In zijn Cosmopolitan Chicken Project, waarvoor hij recent de befaamde Golden Nica Award won, staat de kracht van hybridisatie centraal. Het begon met een Mechelse koekoek maar die werd gekruist met kippenrassen van over de hele wereld.

Ons ingebakken hokjesdenken zet hybriden al snel enkele trapjes lager op de waarderingsschaal. Het kunstproject van Vanmechelen waaraan ook genetici en immuniteitsspecialisten meewerken, toont net de kracht van de bastaard. Die benadering staat haaks op de courante aanpak bij telers. Rassen zitten in het keurslijf van de onverbiddelijke standaarden. Ideale maten vormen het credo, varianten door elkaar haspelen is als vloeken in de kerk.

Maar ook Moeder Natuur zelve bezigt de bastaard-aanpak om nieuwe soorten te vormen.
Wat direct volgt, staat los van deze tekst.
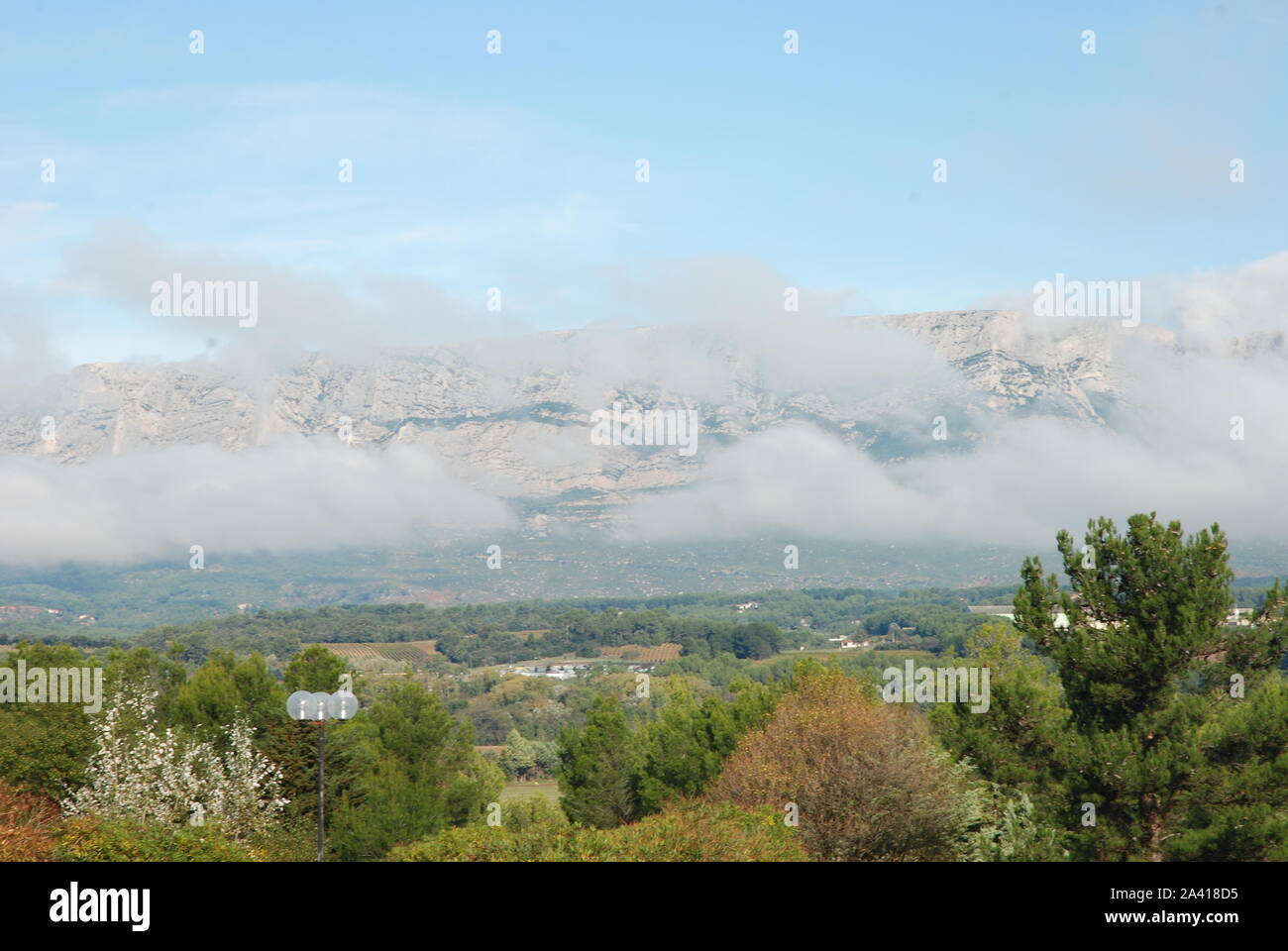 Den Berg Sainte Victoire von Trets in der Provence gesehen Stockfoto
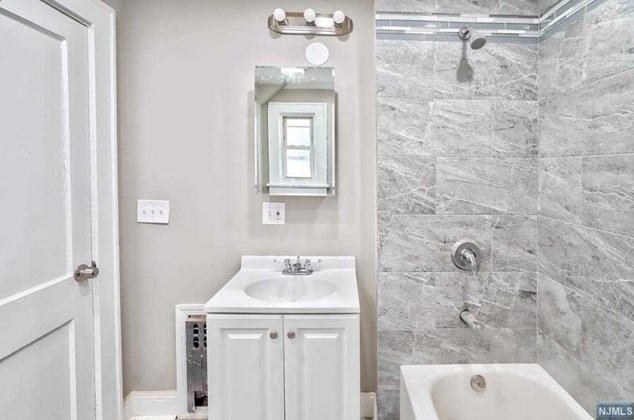 47 Palm St, Newark NJ 07106-1117 exterior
Dat gebeurt vaker dan vroeger werd gedacht. Er zijn recente voorbeelden bij wilde planten en tropische vlinders.

Bakje wilde troost

Voor het leven op aarde is diversiteit de levensverzekering. Zonder genetische variatie kan evolutie niet aan de slag. Maar met dit belangrijk biologisch principe wordt in de moderne landbouw vaak een loopje genomen. Monoculturen van één wondervariant zijn de regel. Dat is erg risicovol gokwerk. Want zo’n wondermaïs of -melkkoe kan vandaag wel een held zijn, maar alle helden vergaan.. alleen Elvis blijft bestaan.
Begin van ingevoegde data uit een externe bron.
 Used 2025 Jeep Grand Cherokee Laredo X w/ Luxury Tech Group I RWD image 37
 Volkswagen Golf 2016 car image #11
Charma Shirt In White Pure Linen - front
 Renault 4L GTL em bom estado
Bij klimaatverandering en nieuwe ziekten zal de genetische diversiteit uit traditionele rassen en wilde varianten onze gepatenteerde kasplantjes uit de landbouw nog meermaals moeten depanneren. De verzekering voor onze landbouwgewassen en -dieren van de toekomst huist dus in belangrijke mate in de natuur buiten het landbouwareaal.

Uw kopje koffie vormt een voorbeeld. De wilde Arabica-soorten zitten in tropische bossen. Of hoe we wilde biodiversiteit ook in dienst van de toekomstige landbouw beter rijk dan kwijt zijn.

Hans Van Dyck is hoogleraar gedragsecologie en natuurbehoud aan het Earth and Life Institute  van de UCL (Louvain-la-Neuve).